--- START ---

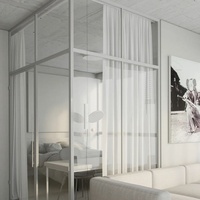 Système de cloison en verre suspendu en hauteur - Support structurel personnalisé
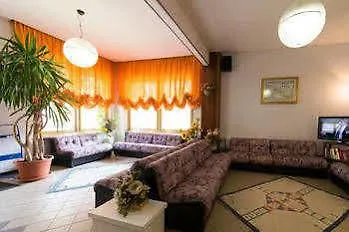 Geppi Hotell 2*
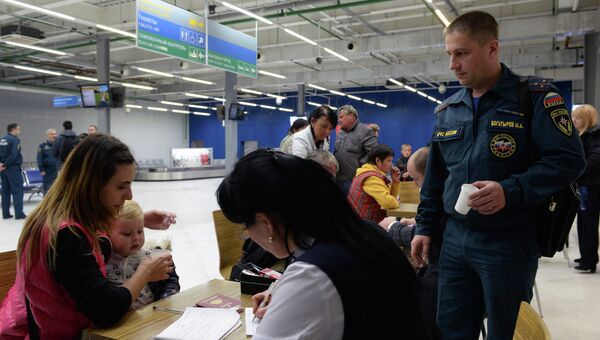 Пассажиры, прибывшие рейсом из Хургады (Египет) в Новосибирск заполняют документы на розыск багажа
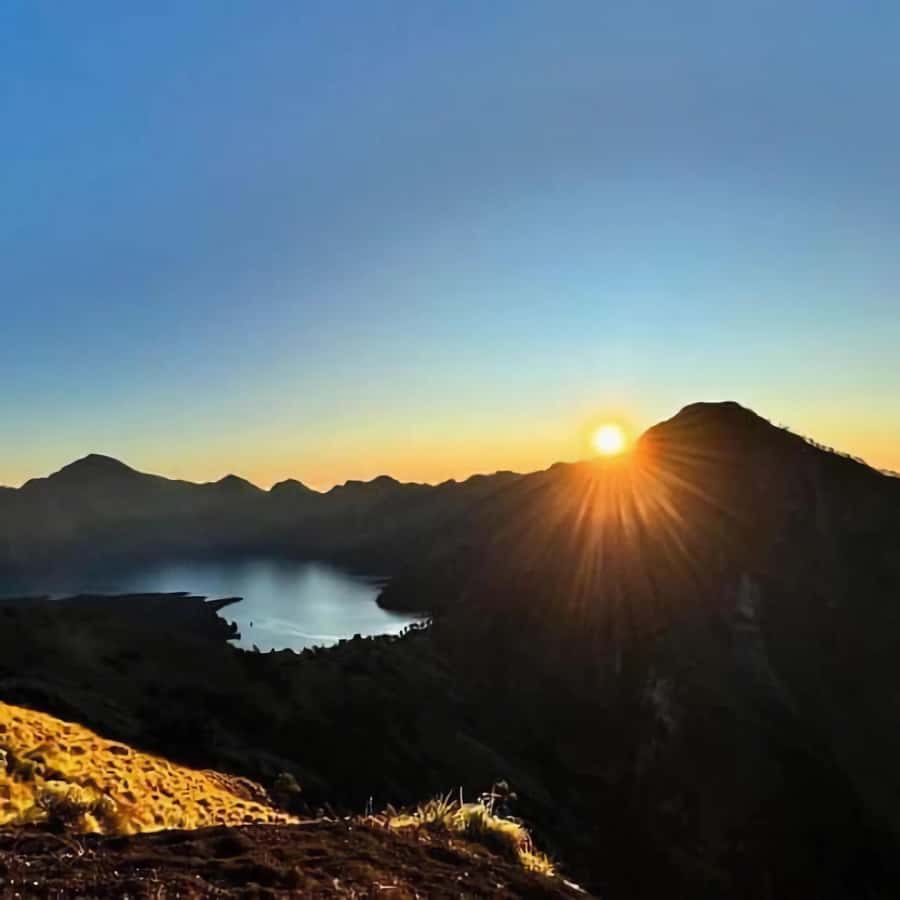 3d/2n trekking mount rinjani summit lake & hot springs - Night two at Senaru Crater Rim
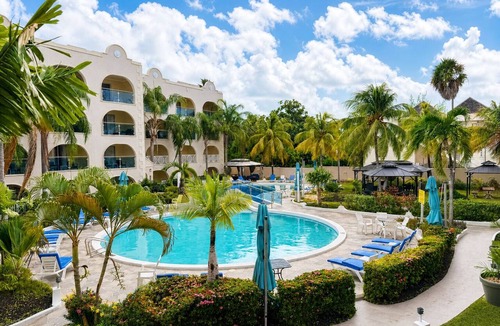 Oistins Apartment | Maxwell Beach Escape 3-Three Bedroom Beachfront Apartment with Resort Access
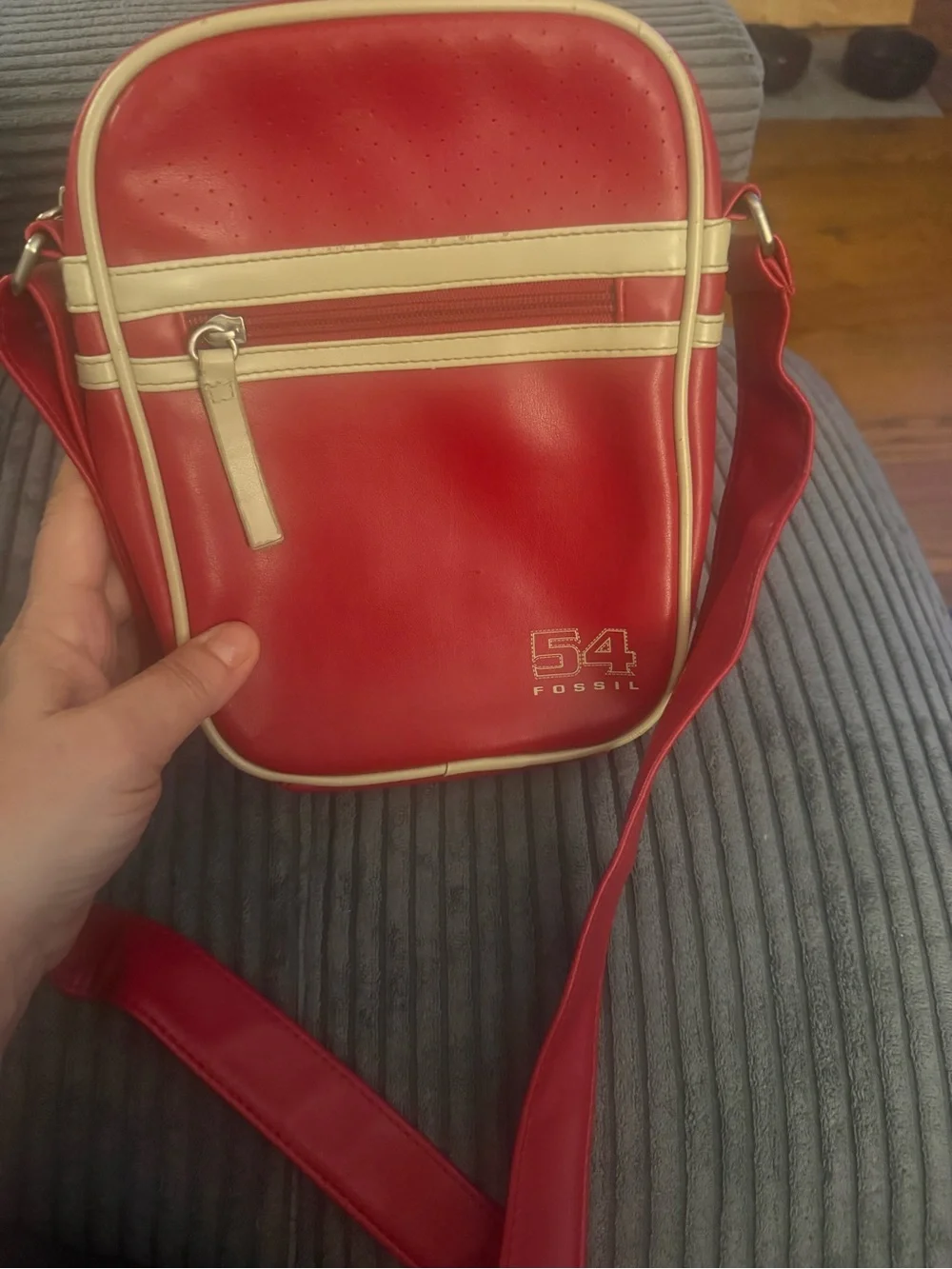 Fossil Red Retro Crossbody Bag with Cream Trim GUC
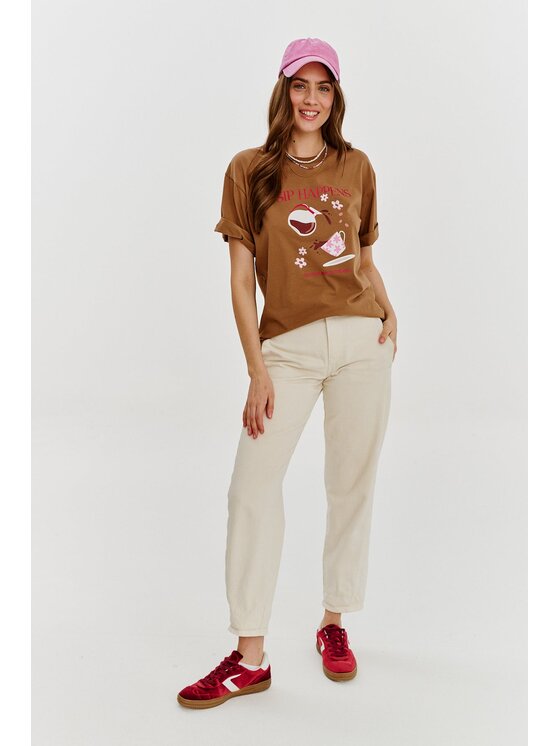 NAOKO NAOKO T-Shirt Sip Happens Hnědá Regular Fit
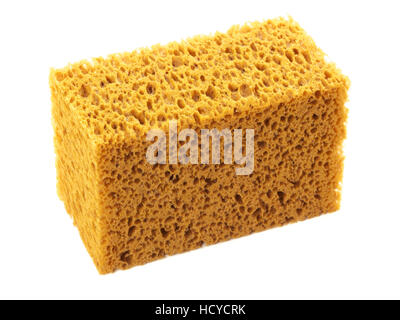 Reinigungsschwamm isoliert auf weißem Hintergrund gelb Stockfoto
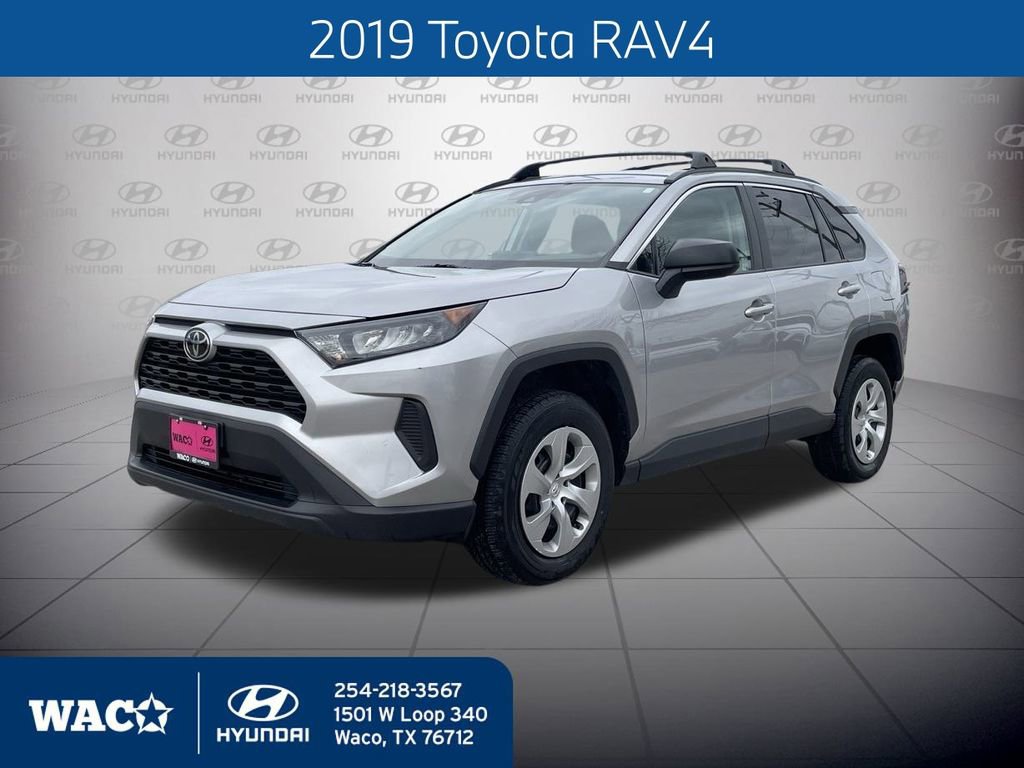 Used 2019 Toyota RAV4 LE image 1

--- END ---

• _Aim of the task_: Print each line of the material above exactly, with the pictures removed from your copy.

• _Task output_:
 Système de cloison en verre suspendu en hauteur - Support structurel personnalisé
 Geppi Hotell 2*
 Пассажиры, прибывшие рейсом из Хургады (Египет) в Новосибирск заполняют документы на розыск багажа
 3d/2n trekking mount rinjani summit lake & hot springs - Night two at Senaru Crater Rim
 Oistins Apartment | Maxwell Beach Escape 3-Three Bedroom Beachfront Apartment with Resort Access
 Fossil Red Retro Crossbody Bag with Cream Trim GUC
 NAOKO NAOKO T-Shirt Sip Happens Hnědá Regular Fit
 Reinigungsschwamm isoliert auf weißem Hintergrund gelb Stockfoto
 Used 2019 Toyota RAV4 LE image 1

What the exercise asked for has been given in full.